Tik kalibreren in de Windows-zoekbalk en start Beeldschermkleur kalibreren op. Als je meerdere monitors hebt, verplaats dan het programmavenster naar de gewenste monitor. Volg de instructies om de gammawaarde te optimaliseren door de middelpunten van de cirkels minimaal zichtbaar te maken. Stel vervolgens helderheid en contrast in via het OSD-menu. Kalibreer daarna de kleurbalans met de schuifregelaars voor rood, groen en blauw. Vergelijk het resultaat met de knoppen Vorige kalibratie en Huidige kalibratie. Laat het vinkje staan bij ClearType Tuner starten […] als je ook een wizard voor scherpe tekstweergave wilt opstarten.

Kleurbereik De workflow bij het ophalen, bewerken en afdrukken van foto’s wordt ook bemoeilijkt door het feit dat niet alle apparaten dezelfde kleuren even nauwkeurig reproduceren. Zo worden op een monitor diepblauwe kleuren vaak beter weergegeven dan op een printer. Dit komt doordat deze apparaten een verschillende ‘gamut’ hebben, in het Nederlands kleurengamma, kleurbereik of kleuromvang. Relevante informatie over het gebruikte kleurbereik wordt doorgaans bewaard in een speciaal bestand, het zogeheten ICC-kleurprofiel (International Color Consortium).

Het kan dus voorkomen dat je uitvoerapparaat (een printer), een beperkter kleurbereik heeft dan je invoerapparaat (een scherm).

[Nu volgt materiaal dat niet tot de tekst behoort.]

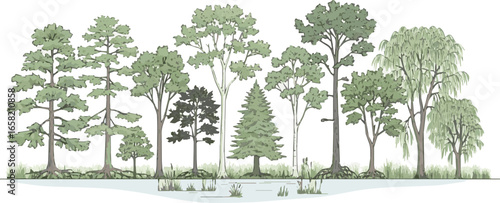 Create a Architectural Drawings, Minimal style cad tree line drawing, Side view, set of section wetland forest outline for landscape design drawing. Vector illustration in seperate element vector art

Hierdoor kunnen bepaalde kleuren op het scherm niet nauwkeurig worden weergegeven op de printer, waardoor vervangende kleuren nodig zijn waar de printer wel mee overweg kan.

In de betere fotobewerkingsprogramma’s kun je dit vervangingsproces bijsturen via een render- of weergave-intentie.

©Sergio - stock.adobe.com

Printerkalibratie

Ook voor printerkalibratie zijn er professionele methodes, zoals een spectrofotometer met bijbehorende software. Deze meet de golflengte van het licht over het zichtbare kleurenspectrum en kan op basis van je fotoafdrukken een optimaal kleurprofiel samenstellen. Dit kost je echter al snel enkele honderden euro’s.

Een alternatief is dat je dit proces uitbesteedt, bijvoorbeeld bij www.kleurprofiel.com. Je drukt dan eerst de beschikbare tiff-bestanden af zonder kleurcorrectie toe te passen, bijvoorbeeld met de gratis tool ACPU (Adobe Color Printer Utility, voor Windows en macOS). Schakel ook kleurbeheer of eventueel andere kleuraanpassingen in je printerdriver uit. Houd er verder rekening mee dat ook factoren als inktsoort en papiertype invloed kunnen hebben (waardoor je wellicht ook bij je printerproducent geen bruikbare profielen gaat vinden). Na het afdrukken kun je de prints naar de service sturen en tegen betaling kleurprofielen ontvangen.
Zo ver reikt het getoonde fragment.